Moreover, where the assessee is challenging the such order of the Appellate Authority before the Hon’ble High Court under their jurisdiction, the Hon’ble High Court is taking the plea that the Court under the extraordinary jurisdiction cannot interfere with the Appellate Authority’s order as the application of Limitation Act, 1963 does not apply to Section 107 of the CGST Act, 2017. On the basis of aforesaid judgments, the Hon’ble Court(s) are dismissing the petition of the taxpayers.
Recently, in the matter of Addichem Speciality LLP Vs. Special Commissioner I, Department of Trade and Taxes and Ors. in W.P. (C) 14279/2024 (Judgment pronounced on 07.02.2025), the Hon’ble Delhi High Court (in batch of petitions) has to consider and decided, the following two main issues –
i. Whether the Appellate Authority under Section 107(4) of the CGST Act is authorized to condone the delay in filing an appeal beyond one month after the expiration of the three-month period specified in Subsection (1) of Section 107 for filing an appeal against a decision or order issued by an adjudicating authority under the CGST Act? and
ii. Whether the appellate authority is empowered to condone a delay beyond the thirty-day period prescribed under Subsection (4) of Section 107 of the Act of 2017 or not, this Court, in exercising its extraordinary jurisdiction under Article 226 of the Constitution of India, may direct the condonation of such delay. This can be done if the Court is satisfied that an exceptional case has been made out for such condonation or if the interest of justice demands it.

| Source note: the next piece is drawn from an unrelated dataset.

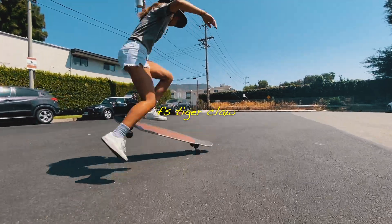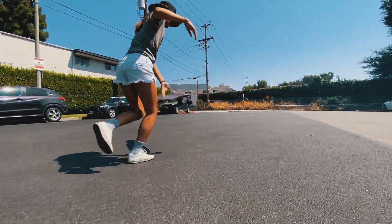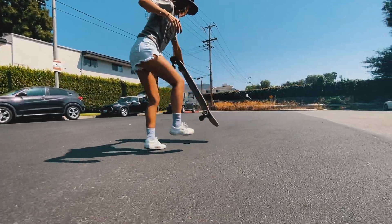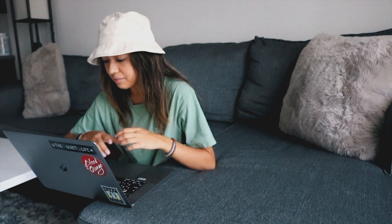For my final trick on this list we are going over the frontside tiger claw. One of my favorite tricks of all time is the backside tiger claw, but I actually learned these frontside first — they're easier to catch and a more common trick for beginners. Your deck will be spinning in a frontside 360 rotation while your body continues to face forward in your original stance. This trick consists of two steps: once the board is popped, your front foot plants on the ground first, followed by your back foot. The board spins as you take those two steps, and then your front foot catches the board once it's done rotating for a clean land.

The Hon’ble High Court of Delhi has held that it is well settled that once a statute prescribes a specific period of limitation, the Appellate Authority does not inherently hold any power to condone the delay in filing the appeal by invoking the provisions of Section 5 or 29 of the Limitation Act, 1963. (Para 60). The Hon’ble High Court of Delhi has quoted the specific para of the Sing Enterprise (Supra) as under-
“8. The Commissioner of Central Excise (Appeals) as also the Tribunal being creatures of statute are not vested with jurisdiction to condone the delay beyond the permissible period provided under the statute. The period up to which the prayer for condonation can be accepted is statutorily provided. It was submitted that the logic of Section 5 of the Limitation Act, 1963 (in short “the Limitation Act”) can be availed for condonation of delay. The first proviso to Section 35 makes the position clear that the appeal has to be preferred within three months from the date of communication to him of the decision or order. However, if the Commissioner is satisfied that the appellant was prevented by sufficient cause from presenting the appeal within the aforesaid period of 60 days, he can allow it to be presented within a further period of 30 days. In other words, this clearly shows that the appeal has to be filed within 60 days but in terms of the proviso further 30 days’ time can be granted by the appellate authority to entertain the appeal. The proviso to subsection (1) of Section 35 makes the position crystal clear that the appellate authority has no power to allow the appeal to be presented beyond the period of 30 days. The language used makes the position clear that the legislature intended the appellate authority to entertain the appeal by condoning delay only up to 30 days after the expiry of 60 days which is the normal period for preferring appeal. Therefore, there is complete exclusion of Section 5 of the Limitation Act. The Commissioner and the High Court were therefore justified in holding that there was no power to condone the delay after the expiry of 30 days’ period.”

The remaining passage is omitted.